About Us

Welcome to the oldest building in the city of Salisbury. When the city and cathedral were up on the ancient earthwork site at Old Sarum Castle, the parish of St Martin Milford occupied the lowlands to the south. As in many other places with Roman military connections, it was a "St Martin in the fields", where soldiers might pause to invoke the aid of their patron saint.
The parish church of St Martin was a cruciform church, almost certainly with a central tower. Remains of the south transept of that building are known to lie underneath the grass in the churchyard. Although the central tower has long since gone, there is still something of the feel of a crossing between the two chancel arches.
Shortly before the new city of Salisbury was begun in 1220, the old Chancel at St Martin’s was rebuilt in the early English style, and that is the Chancel which remains to this day. The lower part of the present tower also appears to belong to this date, though it is unclear why the axis is so different, or how the tower related to the rest of the building.
There are many unanswered questions about the sequence of the rest of the building.
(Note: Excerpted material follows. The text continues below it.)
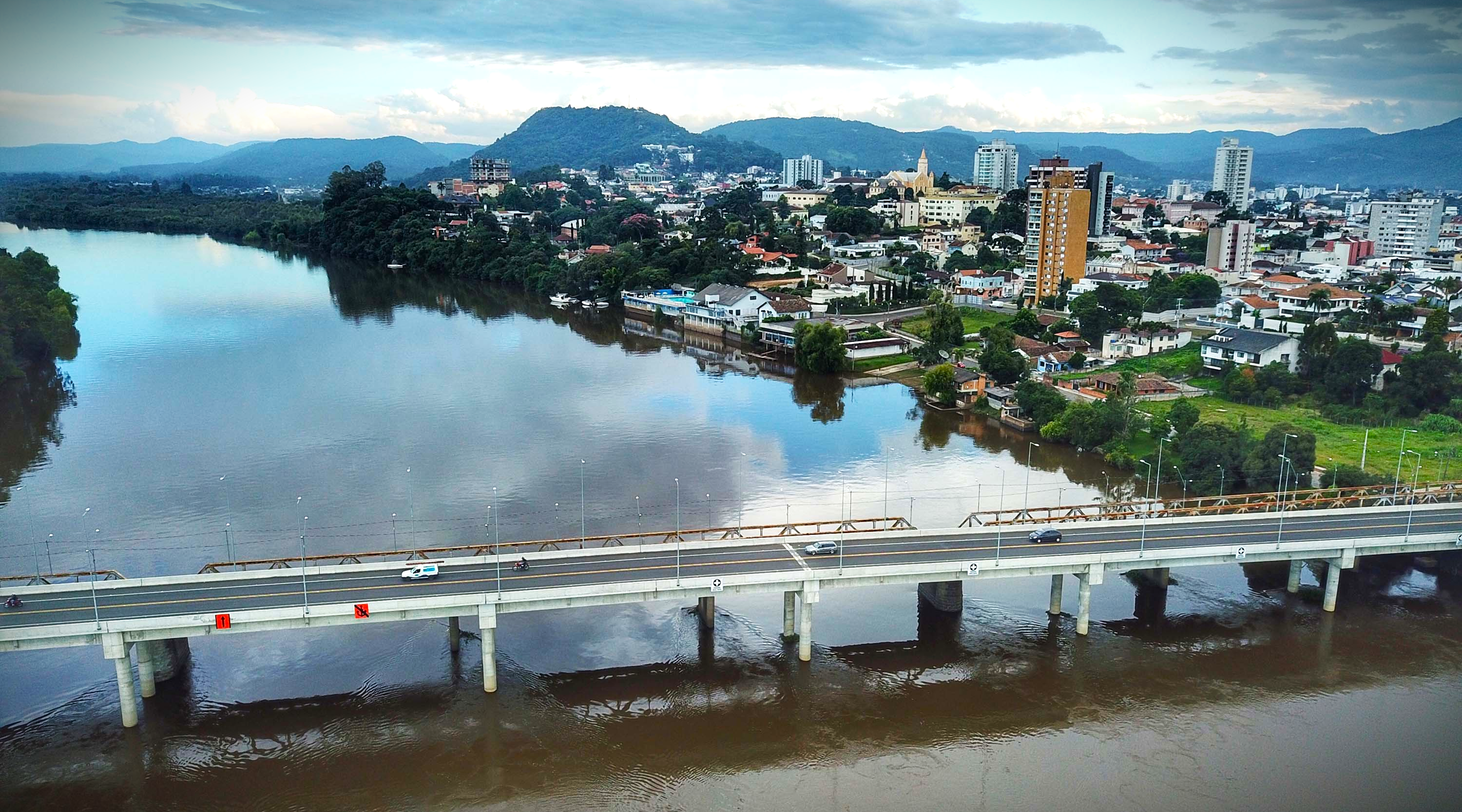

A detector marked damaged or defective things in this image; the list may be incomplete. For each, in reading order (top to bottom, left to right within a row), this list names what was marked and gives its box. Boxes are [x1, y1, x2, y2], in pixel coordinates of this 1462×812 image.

rusty steel truss [959, 476, 1462, 526]
rusty steel truss [189, 517, 906, 575]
The western Chancel arch probably dates from about 1415. Some aspects are so similar to the strainer arches in the cathedral, that it may also be by the mason - Robert Wayte. The tall slender columns and high arches of the nave are 15th century, as are the windows and the waggon roofs. However, the overall outline of the nave, aisles, roof pitches and buttresses all suggest a 14th century structure. The spire and the upper tower are clearly 14th century indicating the nave was not so much rebuilt, as radically modernised.

Saint Martin's is a parish of long-standing catholic tradition ministering to a diverse parish on the east of Salisbury supported by a dedicated team eager to grow in faith and fulfil its purpose of spreading abroad the love of God. We stand in the catholic tradition of the Church of England which began its rebirth in 1833 when The Revd John Keble preached the assize sermon before the judges in the University Church of S. Mary Oxford. His message was simple, the Church of England he contended is the One Holy Catholic and Apostolic Church in England. 

Thus began the religious revival known as the Oxford movement or Anglo-Catholicism. By 1887 St. Martin’s was firmly established in this religious revival, when the then Rector first used eucharistic vestments and catholic ceremonial. 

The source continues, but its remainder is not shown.